Grass continued to explain Germany’s need to recognize Israel’s nuclear arsenal for what it is, and to deliberate before selling “a further U-boat” and becoming complicit in any future Israeli attack.

In reaction to the criticism leveled at him in the wake of publication, Grass said: “The overall tenor [of the criticism] is to not engage in the content of the poem, but instead to wage a campaign against me and to claim that my reputation is damaged forever.” He also asserted that his contentions in the poem were mostly directed at Netanyahu’s government, not the country as a whole, and regretted this point wasn’t clearer.
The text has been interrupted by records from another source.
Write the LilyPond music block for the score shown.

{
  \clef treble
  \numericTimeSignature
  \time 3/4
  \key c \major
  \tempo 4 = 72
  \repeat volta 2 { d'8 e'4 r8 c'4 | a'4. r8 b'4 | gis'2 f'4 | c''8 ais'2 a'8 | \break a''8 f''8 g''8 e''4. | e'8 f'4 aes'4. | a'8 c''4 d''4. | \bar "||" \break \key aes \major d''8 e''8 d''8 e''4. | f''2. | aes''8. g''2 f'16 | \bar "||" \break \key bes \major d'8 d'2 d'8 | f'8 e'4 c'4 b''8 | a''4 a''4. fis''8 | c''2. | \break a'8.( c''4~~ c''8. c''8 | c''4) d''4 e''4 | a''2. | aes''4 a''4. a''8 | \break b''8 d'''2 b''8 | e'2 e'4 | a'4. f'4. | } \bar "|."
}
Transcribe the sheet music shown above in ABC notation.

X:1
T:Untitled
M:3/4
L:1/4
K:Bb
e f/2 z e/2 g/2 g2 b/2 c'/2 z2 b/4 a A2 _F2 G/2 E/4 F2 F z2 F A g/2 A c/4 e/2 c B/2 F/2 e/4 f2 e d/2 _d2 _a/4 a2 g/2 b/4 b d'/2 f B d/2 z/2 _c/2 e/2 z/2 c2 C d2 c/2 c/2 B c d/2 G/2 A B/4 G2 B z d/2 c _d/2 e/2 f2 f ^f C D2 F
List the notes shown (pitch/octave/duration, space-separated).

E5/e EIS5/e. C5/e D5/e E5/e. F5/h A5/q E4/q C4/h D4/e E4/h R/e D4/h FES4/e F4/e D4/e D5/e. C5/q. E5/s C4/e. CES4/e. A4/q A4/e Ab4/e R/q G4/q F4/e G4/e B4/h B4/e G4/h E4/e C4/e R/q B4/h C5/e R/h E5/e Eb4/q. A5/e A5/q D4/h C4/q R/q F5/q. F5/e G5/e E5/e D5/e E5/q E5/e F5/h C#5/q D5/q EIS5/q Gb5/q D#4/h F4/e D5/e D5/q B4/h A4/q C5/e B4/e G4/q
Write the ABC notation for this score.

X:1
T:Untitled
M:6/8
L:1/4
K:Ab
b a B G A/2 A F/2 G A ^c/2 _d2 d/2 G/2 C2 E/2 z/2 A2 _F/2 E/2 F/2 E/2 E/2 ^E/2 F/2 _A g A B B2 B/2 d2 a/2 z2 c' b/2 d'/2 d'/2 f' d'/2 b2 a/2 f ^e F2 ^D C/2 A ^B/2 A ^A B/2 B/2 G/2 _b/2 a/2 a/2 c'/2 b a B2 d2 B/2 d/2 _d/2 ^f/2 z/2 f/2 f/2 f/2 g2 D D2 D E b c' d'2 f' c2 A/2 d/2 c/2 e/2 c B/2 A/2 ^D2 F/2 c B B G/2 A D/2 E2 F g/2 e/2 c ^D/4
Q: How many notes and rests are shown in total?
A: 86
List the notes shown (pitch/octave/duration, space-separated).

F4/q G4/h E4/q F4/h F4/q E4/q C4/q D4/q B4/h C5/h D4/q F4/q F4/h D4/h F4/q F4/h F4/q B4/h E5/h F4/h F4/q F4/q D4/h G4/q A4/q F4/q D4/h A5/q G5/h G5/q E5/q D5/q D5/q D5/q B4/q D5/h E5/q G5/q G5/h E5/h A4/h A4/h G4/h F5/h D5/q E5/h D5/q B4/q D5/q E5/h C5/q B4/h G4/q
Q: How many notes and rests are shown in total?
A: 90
“The man who damages Israel the most at the moment is in my opinion Netanyahu, and I should have included that in my poem,” Grass said in an interview, according to the Times. “What is now an imminent threat is a risk without parallel — a preventive strike, a first strike against Iran, which would have terrible consequences.”

But Grass’s pleas have gone largely unrecognized.

“Even before the traces of the swastika on his clothes were gone, Grass joined the crusade against the State of Israel,” the Hebrew Writers Association said in a public statement Monday, according to Haaretz. “Grass should clean his clothes and his past, express remorse for the days when he served in the Nazi Death Army, because his terrible statement cast a dark shadow over all of his writings.”